A family or retirement – do you really need to choose?

Would you want £8,000 income in retirement? Could you survive on an annual income of £8,000 in retirement? That is roughly what the state pension currently pays out, if you have 35 years of National Insurance (NI) credits.

Have you given up work to look after your family – whether male or female – you are amongst those least likely to save for retirement. Saving for retirement is simply not on the agenda for many families, because they have no spare income.

Being a Financial Adviser I meet with many people from different walks of life at different stages of their life. People getting married, starting families, planning savings and retirement or retiring. The one thing that, consistently comes up is for those entering retirement is the surprise at how little the State pension provides and the impact that reduced income can have on their lifestyle.

Saving, investing and planning for retirement is relative to your circumstances and many people may struggle in this endeavour. There are, however, some practical things you can do to maximise any savings, however small they may be.

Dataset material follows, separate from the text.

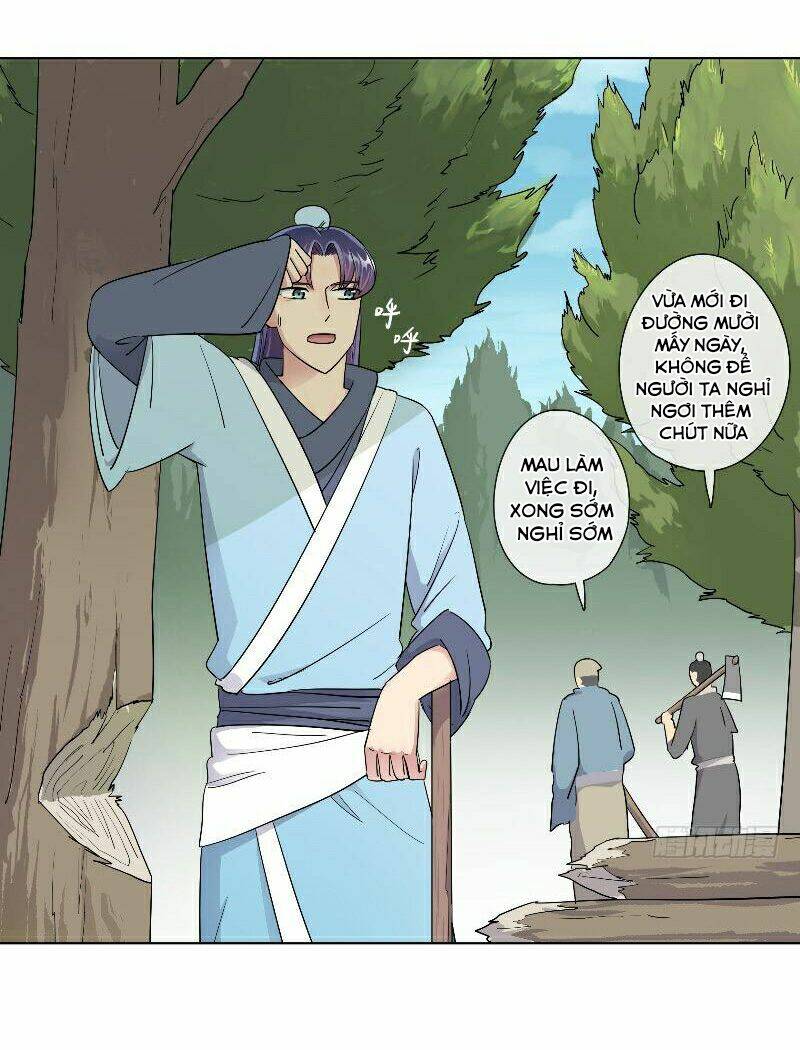 Tướng Quân Cấp Cấp Như Luật Lệnh: Chapter 17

Initially, if you are in a workplace pension scheme, I would suggest you should try and stay in it. In any case your employer may continue to make contributions into your fund for the duration of your maternity leave. That will be for at least 39 weeks.

If your workplace scheme is a group personal pension, if you can afford to do so, you might be able to continue making contributions into it. Your employer will continue making contributions too.

Also, remember that even though you are away from your place of work, your years as a parent still qualify towards your state pension. As if you are registered for child benefit, and your eldest child is under 12, you will get National Insurance (NI) credits for the time at home.

Be aware though, to qualify for the full state pension, you will still need to have 35 years NI credits in total by the time you retire (don’t forget your state retirement age may have been altered). With less than 10 years of credits, you will get nothing at all.


If you have not qualified for the full state pension you should also consider topping up your national insurance contributions.

These pension top-ups offer very good value. When you are topping up you are buying an inflation-linked pension, and that can cost an absolute fortune to buy from an insurance company.

My view otherwise is simply to save as much as you can, as early as you can. The more you put in, and the sooner you put it in, the less you will need overall. It is always worth it, because otherwise you are going to reduce your options in retirement.

‘My pension has disappeared’

Over a lifetime, it is easy to lose track of workplace and even personal pensions – especially if you have had many jobs, moved home, got married as people tend to do.

On average, people work for 11 different employers over their lives. As much as £400m has been “lost” in pension pots which people have forgotten about.

The new pension dashboard, currently being developed, will help with that, as it will enable workers to keep track of different pensions, and how much they are worth. In the meantime, you can consult The Pensions Tracing Service.


If, as a parent, you give up work, it has been suggested that your working partner might like to pay into a pension for you, and although this is great in theory and it may be appropriate to ask a partner to contribute to a pension – in reality, it is not always affordable.

The idea of saving into a pension from a young age and building a clients understanding around the benefits of pensions, savings, individual savings accounts (ISA) and lifetime ISAs is vital. Better information for parents-to-be and education is key for the next generation.